I always enjoy watching Bening bring her characters to life on screen. She makes them seem so real and true. And Nikki is no exception. Bening succeeds in projecting the woman’s compulsion -- along with her understanding of what’s happening -- in a way that evokes our empathy for Nikki despite her irrational behavior. Although blessed with a lovely speaking voice, Bening doesn’t have to say much in The Face of Love. We can tell what Nikki is thinking, and especially feeling, just by paying attention to Bening’s changing facial expressions and body language. Harris also makes us care for Tom and worry about the precarious nature of his situation.
Thanks to director Arie Posin (The Chumscrubber) and cinematographer Antonio Riestra (Mama), the camera lingers on Bening’s expressive face, which draws viewers into her character’s emotional journey. This approach helps us realize Nikki believes that when she’s with Tom, Garrett is still alive. But how fair is that to Tom? Unlike Kim Novak’s character in Vertigo, Tom is not the person he resembles, which makes this story even more poignant to me.

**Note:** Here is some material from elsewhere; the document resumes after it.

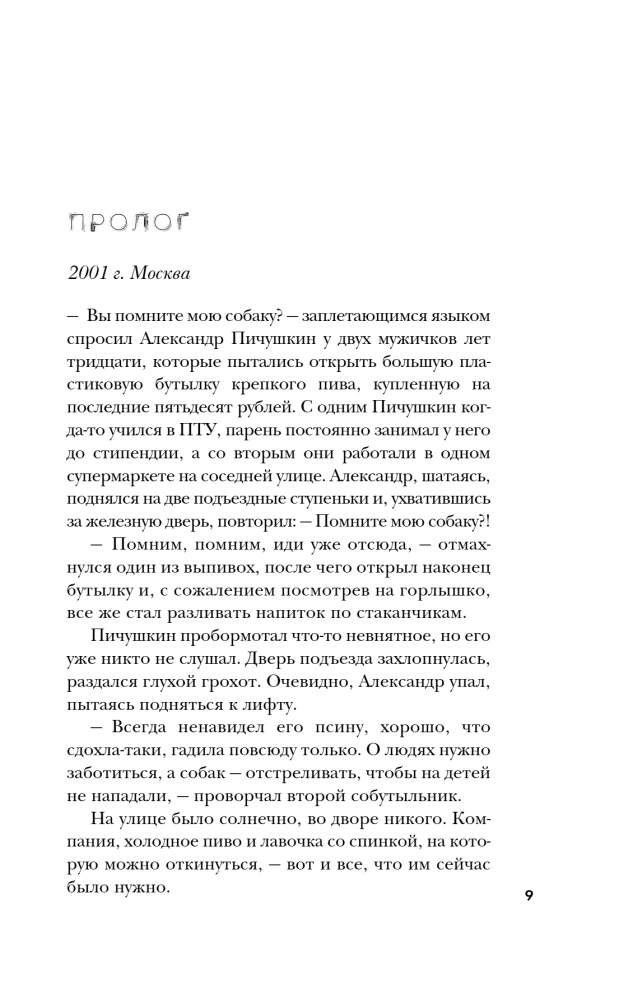 PSRS un Krievijas maniaki. Maniaks Fišers. Bitcevas maniaks. Slepkava (3 grāmatu komplekts)
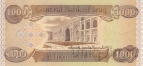 Ирак 1000 динаров 2013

Co-written by Posin and Matthew McDuffie (A Cool Dry Place), The Face of Love emerges as a brave offering among so many cookie-cutter films being released now. Without one car chase or shoot-out or mind-numbing special effect, this movie demonstrates how a well-done character-driven drama can not only deepen our understanding about the power of grief and love but also entertain us at the same time.
Without you in my arms, I feel an emptiness in my soul. I find myself searching the crowds for your face. – Nicholas Sparks, Message in a Bottle
(Released by IFC Films and rated “PG-13”for brief drug references. Available on DVD July 15, 2014.)